人類を自由にしたいと思うゆえ、仲間のエイリアンと

戦わざるを得なかった彼は、数万の敵に対し、ただ

ひとりだった。そんな彼に味方する仲間もいたが、

圧倒的多数のエイリアンを見れば、みな逃げ出す始末。

無理もない。

 

地上の幾多転生において、孤高の彼は、やがて戦いに

勝利するという想念を生み出し、今まで仲間であった

エイリアンとの戦いを受けて立った。お互い不滅の存在

だから戦いに終わりが無く、熾烈な戦いは、幾世代も

繰り返された。その熾烈な戦いは、奴隷化された地上の

人類が解放されるというその日まで、気の遠くなるほど

の時代をまたいで成し遂げられるものだ。

この時代、この21世紀に日浦が地上に生まれたのは、

人類の奴隷解放を成し遂げるための最終戦争のためだ。

 

比類なき解放のパワー

だから孤高の彼は、数万の神々であるエイリアンを

打ち倒すことの出来る、という巨大なる解放の力、

つまり、エイリアン等とは桁違いの救済のパワーを

欲した。その様な無限的な力無くして、彼らと戦う

ことが出来ないのだから。そして、限界なき破天荒な

力、パワーの獲得に向けて、彼は想像を絶する厳しい

霊的修練を繰り返し行いつつ、エイリアンとの戦いに

挑んだのであった。
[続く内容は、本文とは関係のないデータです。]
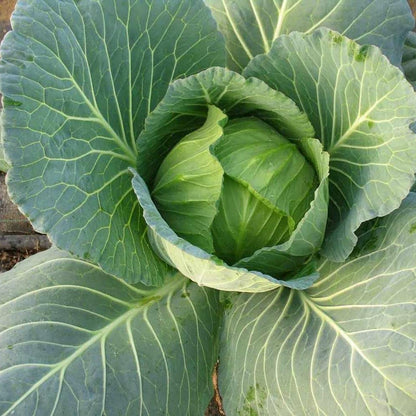Cabbage Poi Vegetable Seeds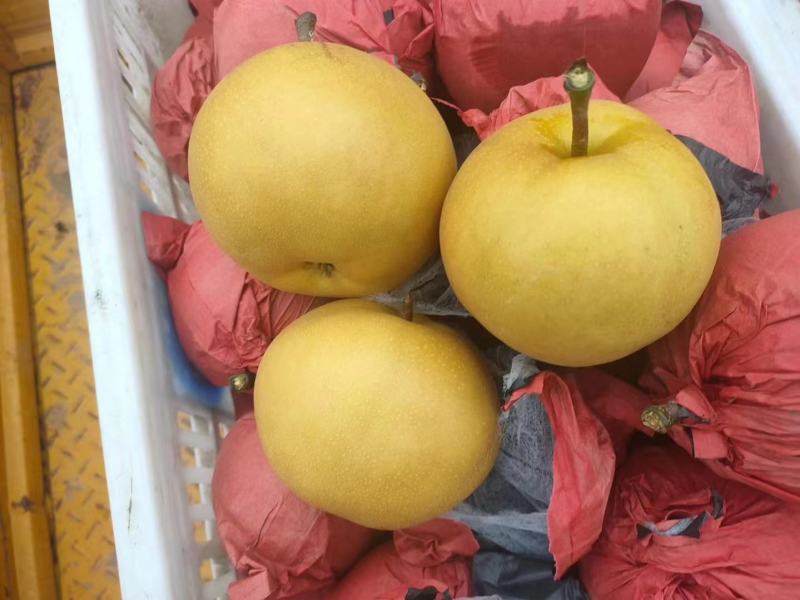 圆黄梨丰水梨安徽新玉梨产区直发代收代发代加工货源充足
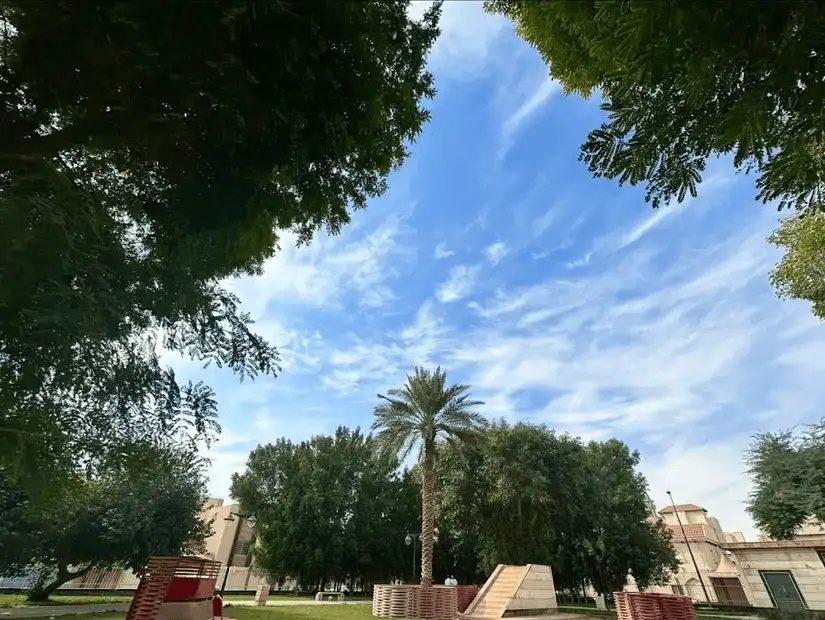 al_olaya6.jpg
それこそ、想像を絶する苦悩の

連続体験であった。

 

やがて孤高の彼は、遂に強大なるパワーを獲得した。

それは、他のエイリアン達の力を凌駕した凄まじい

力であった。しかし、それでも地上には、神々という

エイリアンに奴隷化されていながら、自由を渇望する

魂の群れがある。

そんな魂群を救済するには、先ずは、エイリアンの

支配と妨害から逃れなければならない。どうやって

エイリアン等の支配と妨害から逃れることが出来る

のか?

孤高の彼は、誰にも出来ない荒技を考えたのだ。

それは、いったいどんな荒業なのか。

彼自身の中に莫大な数の魂達を抱え込み、そのまま

自ら地上へ下生するという業である。地上の肉体を

持ったまま、自ら解脱を果たし、抱え込んだ彼らを

解脱させる、という破天荒な戦術を見出したのだ。

他の魂を自分の中に抱え込むこと自体、誰も出来ない

荒業なのだ。自分の中に魂の抱え込みができる存在は

いない。

その抱え込む魂の数たるや、1千個を超えたのだ。

抱え込んだ魂達を解放するために、彼は幾度も地上への

下生を繰り返したのであった。これが「日浦さん、

あなたほど苦しんだ人は、他に誰もいません」という

理由のひとつであった。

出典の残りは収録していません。